START Exercise input

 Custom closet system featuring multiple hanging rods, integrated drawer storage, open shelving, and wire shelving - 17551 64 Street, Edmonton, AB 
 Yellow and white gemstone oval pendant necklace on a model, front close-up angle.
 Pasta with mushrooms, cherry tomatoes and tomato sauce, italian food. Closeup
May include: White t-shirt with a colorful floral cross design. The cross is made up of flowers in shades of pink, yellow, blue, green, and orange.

END Exercise input
START Exercise input

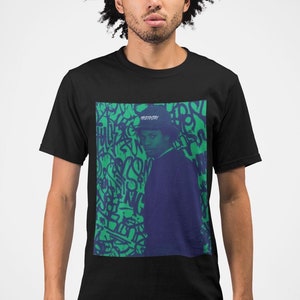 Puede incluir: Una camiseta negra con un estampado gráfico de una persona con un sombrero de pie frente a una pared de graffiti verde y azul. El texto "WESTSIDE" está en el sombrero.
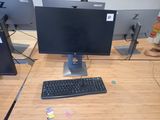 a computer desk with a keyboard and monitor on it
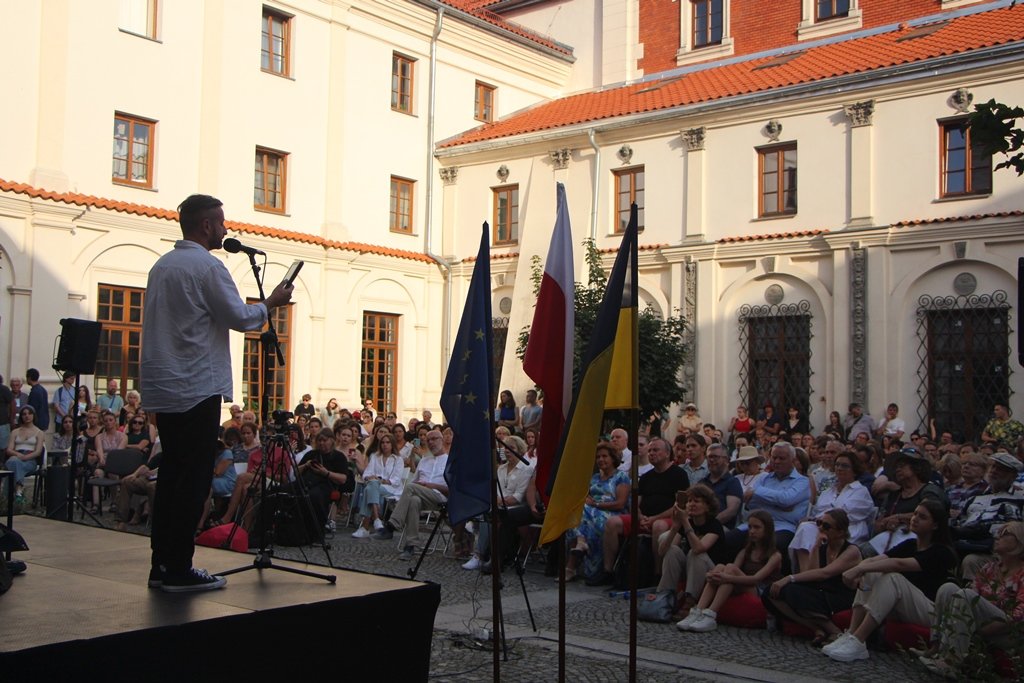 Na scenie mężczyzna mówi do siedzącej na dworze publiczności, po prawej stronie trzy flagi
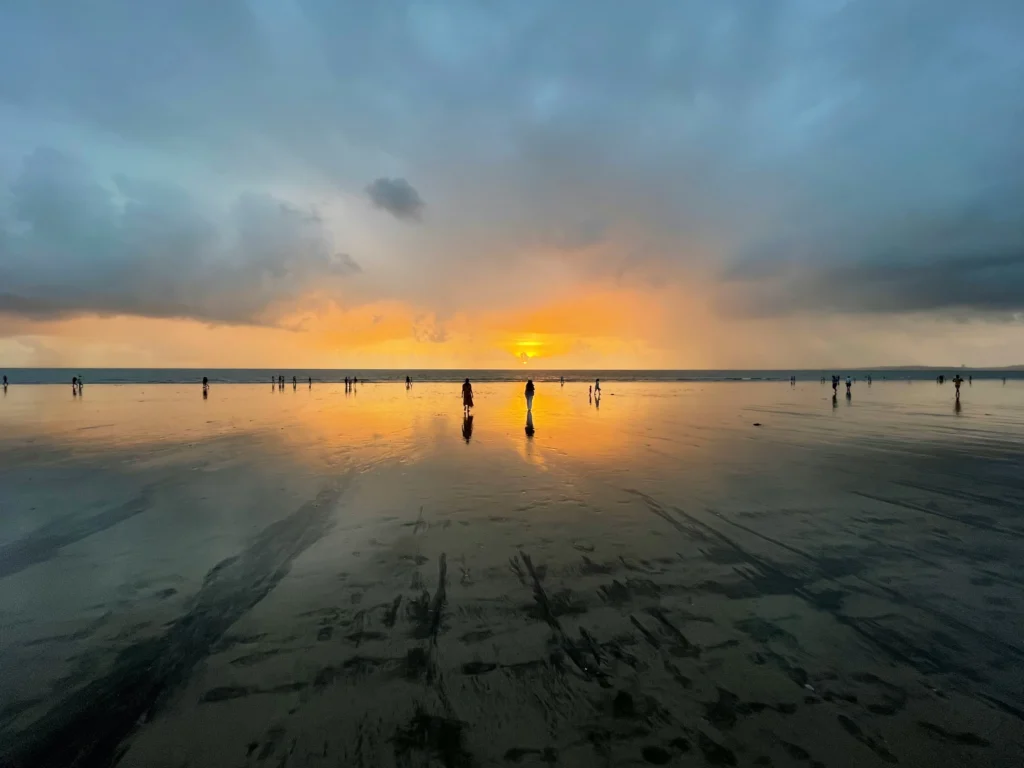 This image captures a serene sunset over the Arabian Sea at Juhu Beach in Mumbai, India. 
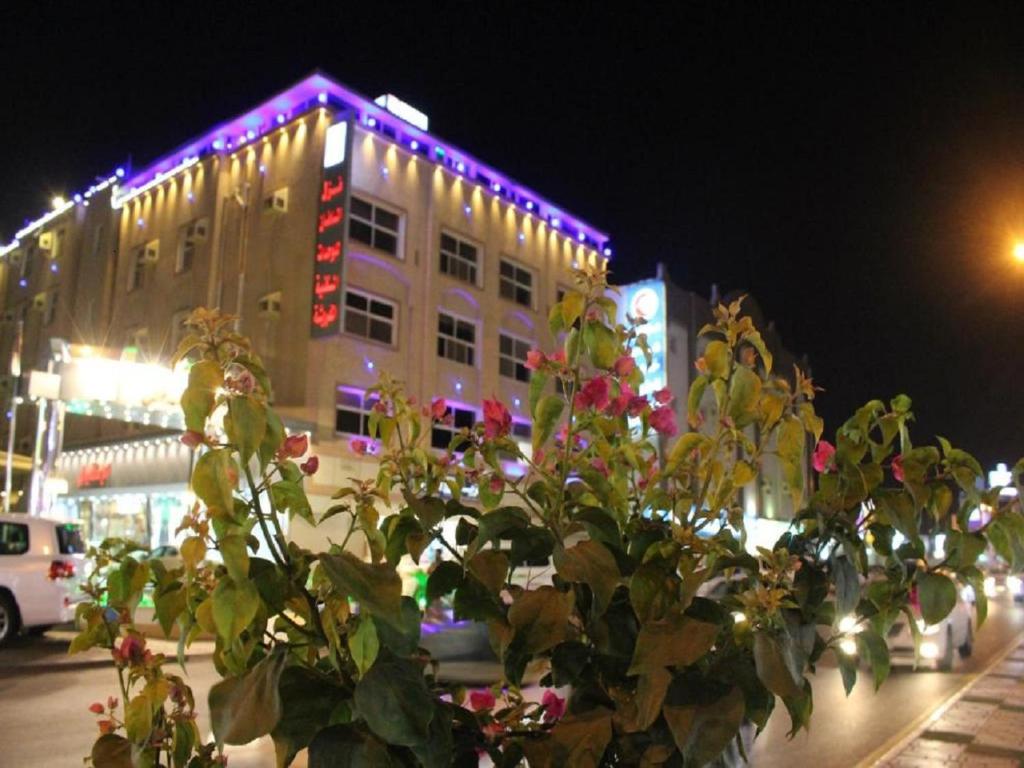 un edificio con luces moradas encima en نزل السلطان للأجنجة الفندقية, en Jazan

END Exercise input
START Exercise input

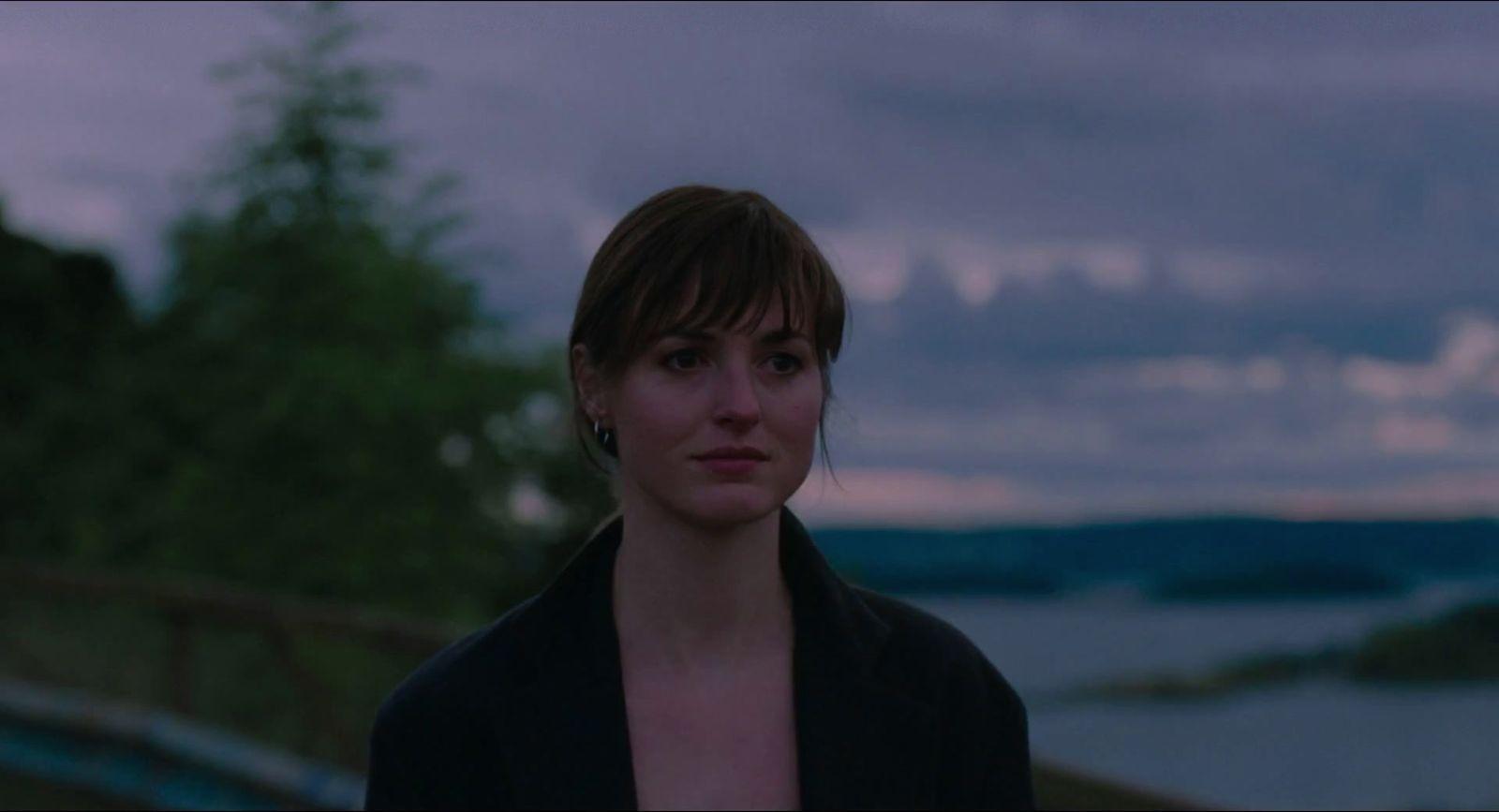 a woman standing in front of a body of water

END Exercise input

Of the entries above, repeat exactly the lines from the line with "Custom closet system" through the line with "May include: White", both of them included.

 Custom closet system featuring multiple hanging rods, integrated drawer storage, open shelving, and wire shelving - 17551 64 Street, Edmonton, AB 
 Yellow and white gemstone oval pendant necklace on a model, front close-up angle.
 Pasta with mushrooms, cherry tomatoes and tomato sauce, italian food. Closeup
May include: White t-shirt with a colorful floral cross design. The cross is made up of flowers in shades of pink, yellow, blue, green, and orange.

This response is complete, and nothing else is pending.